The only effort in this is looking around and being aware of your surroundings. It also requires the knowledge that you need to do this, which most people (including me) don't. If I went to a space like this, with one rickety staircase, I can't say I would turn around and leave, but I would be incredibly freaked out for the entire time.

An entire retrofit of the building may not be feasible, but there are steps to take to reduce the risk. We have hundreds of years of learning from mistakes that there's not reason this knowledge cannot be learned by, say, a safety committee within the collective. Maybe a metal-working artist can create a staircase. Maybe artists can create emergency exits lights.

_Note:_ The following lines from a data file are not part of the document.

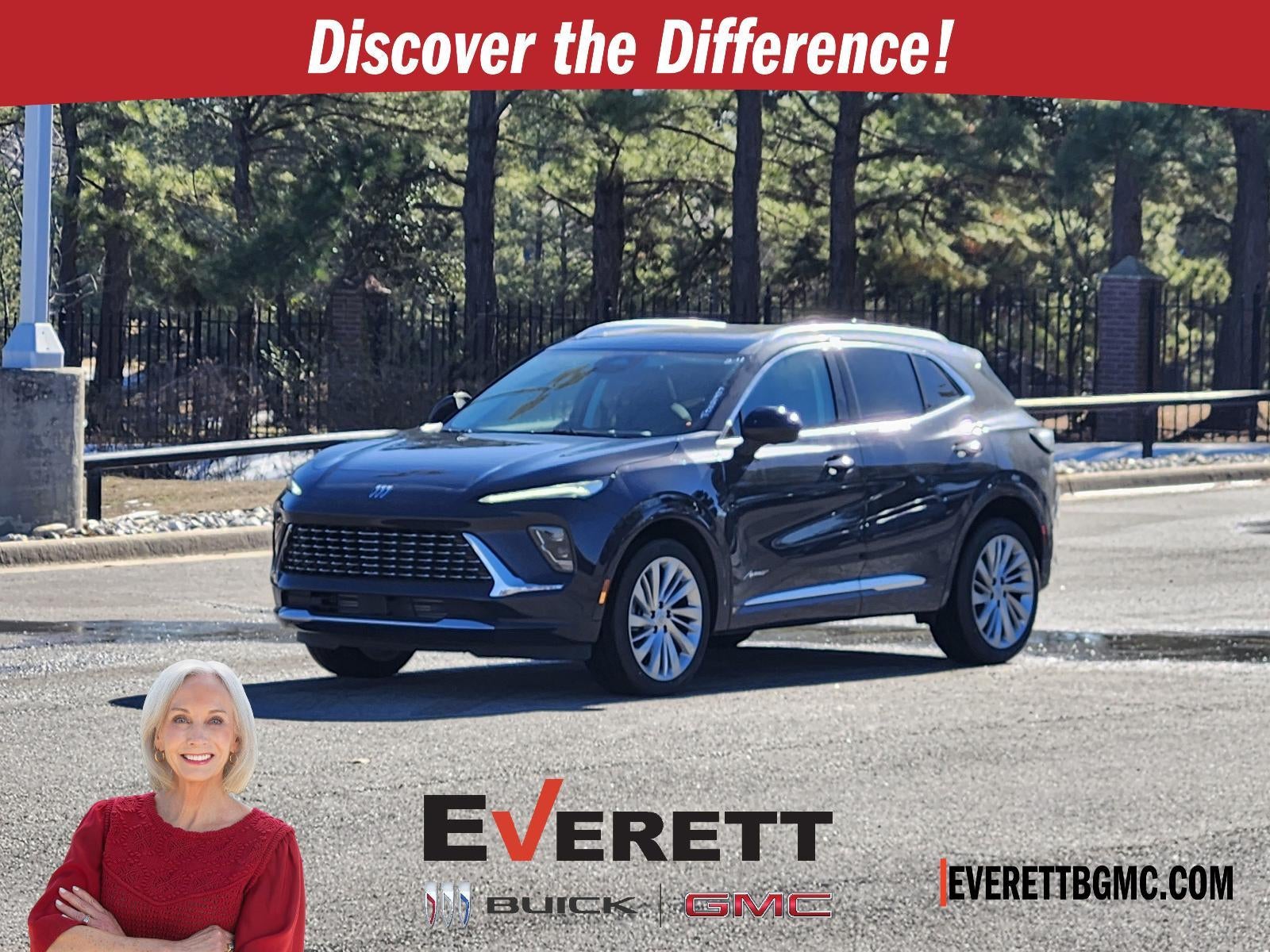 2026 Buick Envision AWD 4dr Avenir in Midnight Opal — front three-quarter view
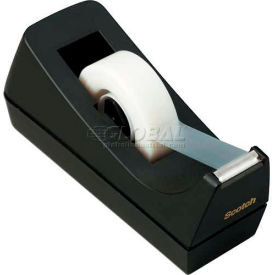 3m C38BK Scotch® Economical Desktop Tape Dispenser, Black, 1 Pack image.
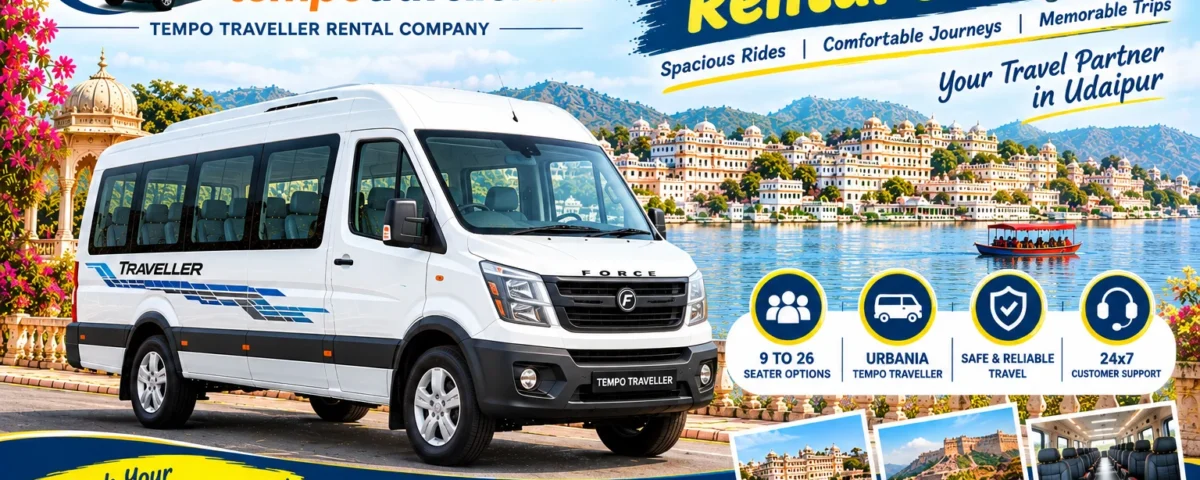 Tempo Traveller Booking Udaipur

My heart goes out to all those lost and their friends and family. This is such a tragedy. There's no reason this should happen again.
posted by LizBoBiz at 6:44 AM on December 6, 2016 [3 favorites]


a thread full of people who are, in some cases, mourning people they knew

I thought that I could make a point without the performative suffering. But ok: my brother lives in Oakland and has lived, worked, and performed in the warehouse art scene for years. We have not heard from him since the fire. But he's pretty non-communicative with family, and Oakland is big, so he's *probably* not dead. I guess I am pretty angry about this.
posted by heatherlogan at 6:56 AM on December 6, 2016 [14 favorites]




for me personally it's hard to go into rational mental mode right now.

I keep finding out about artists who I have immense respect for who died.

I guess I'm glad people can go so quickly into "break this down rationally and logically" but it's really jarring for me to be a part of that right now. Maybe in a few days. Maybe never.

Noping out from this thread for a while. Hugs y'all.
posted by Annika Cicada at 7:50 AM on December 6, 2016 [2 favorites]


Sorry to belabor this, but I totally failed to make the point that I wanted to make (argh too upset).

The progressive Western reaction to the Dhaka fire was that it was evidence of genuine evil on the part of the operator of the space and those who enabled it by consuming its output, and that the lack of building-code enforcement by the civil authorities was a sign of either corruption or gross indifference to human suffering. There were calls for mass boycotts of anything produced in spaces that weren't up to code (not to mention boycotts of anything produced in Bangladesh at all), with the express goal of shutting those spaces down until and unless they could be brought up to code (ideally Western code). But for the Oakland fire, cadge's suggestion above of a movement to refuse to use such spaces (presumably as consumers of their output, e.g. paying to go to their shows) until safety issues are addressed is the first to even touch on this.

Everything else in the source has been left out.